**ACTIVITY**
For this exercise, retype all the data exactly and exclude every image.

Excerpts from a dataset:
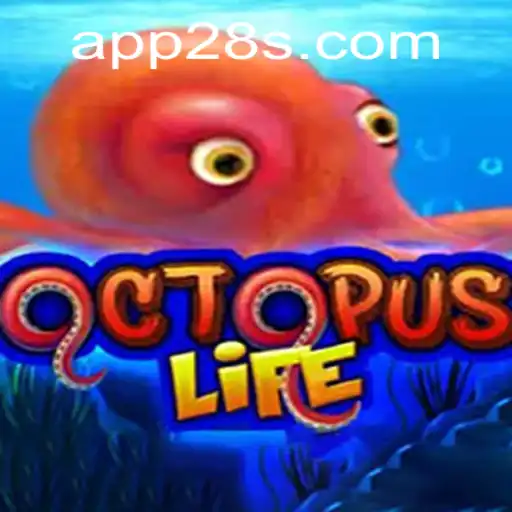 OctopusLife: Explorando o Fascinante Mundo do Jogo Subaquático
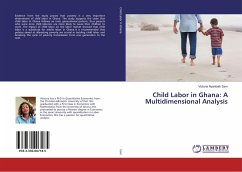 Child Labor in Ghana: A Multidimensional Analysis - Sam, Victoria Nyarkoah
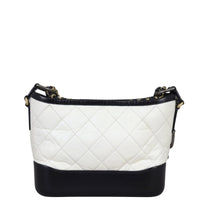 Chanel Gabrielle Hobo Small Back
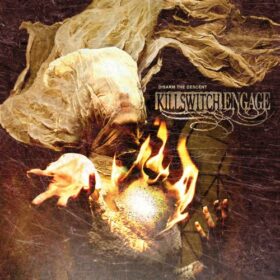 Killswitch Engage – Disarm The Descent (2013)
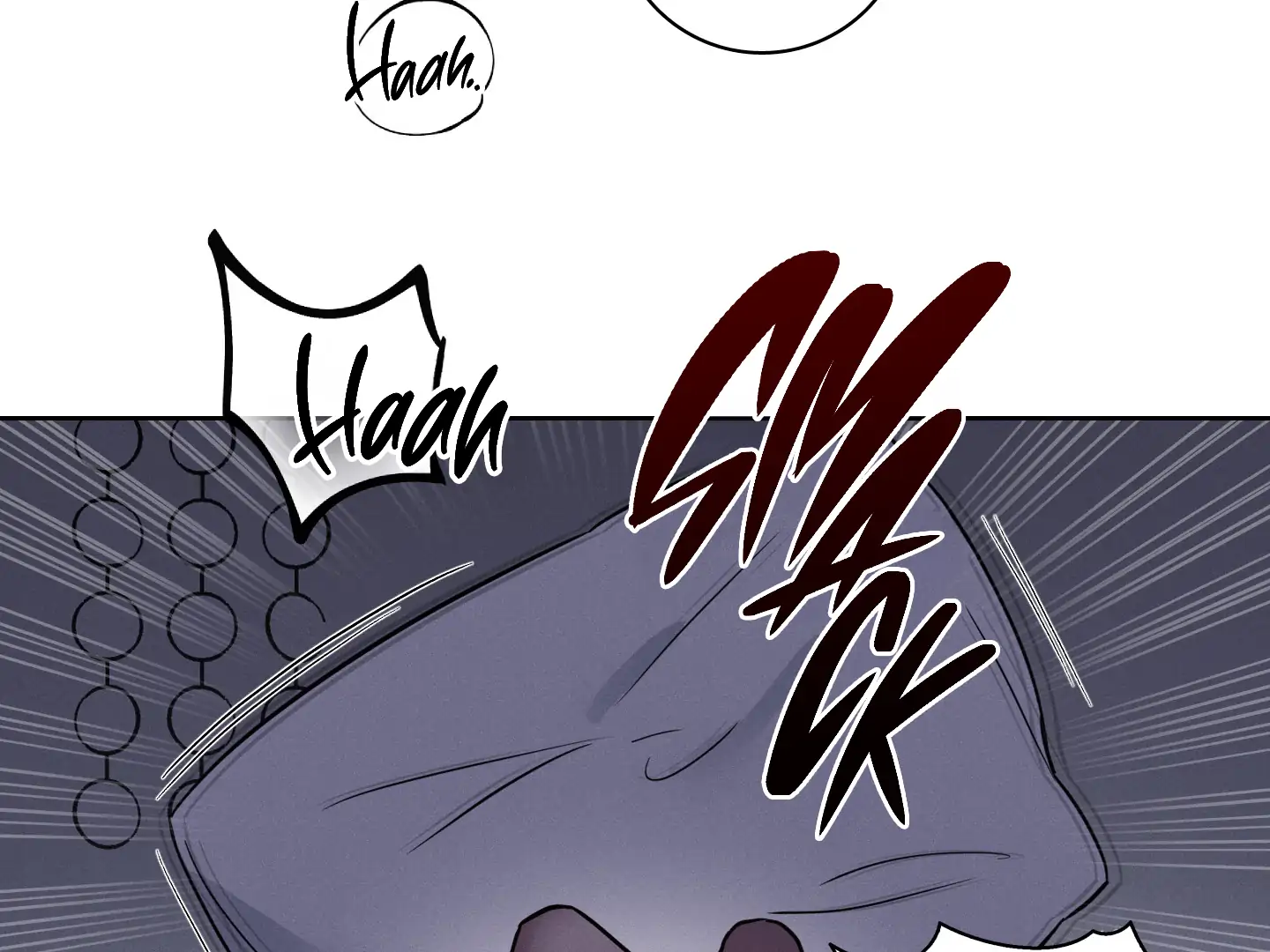 Missing Pepper Case Chapter 1 - Page 10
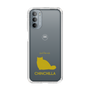 Slim Protection Case［ &UCHINOCO - Chinchilla ］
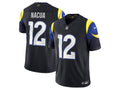 Los Angeles Rams Puka Nacua Rivalries 12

**YOUR RESPONSE**
 OctopusLife: Explorando o Fascinante Mundo do Jogo Subaquático
 Child Labor in Ghana: A Multidimensional Analysis - Sam, Victoria Nyarkoah
 Chanel Gabrielle Hobo Small Back
 Killswitch Engage – Disarm The Descent (2013)
 Missing Pepper Case Chapter 1 - Page 10
 Slim Protection Case［ &UCHINOCO - Chinchilla ］
 Los Angeles Rams Puka Nacua Rivalries 12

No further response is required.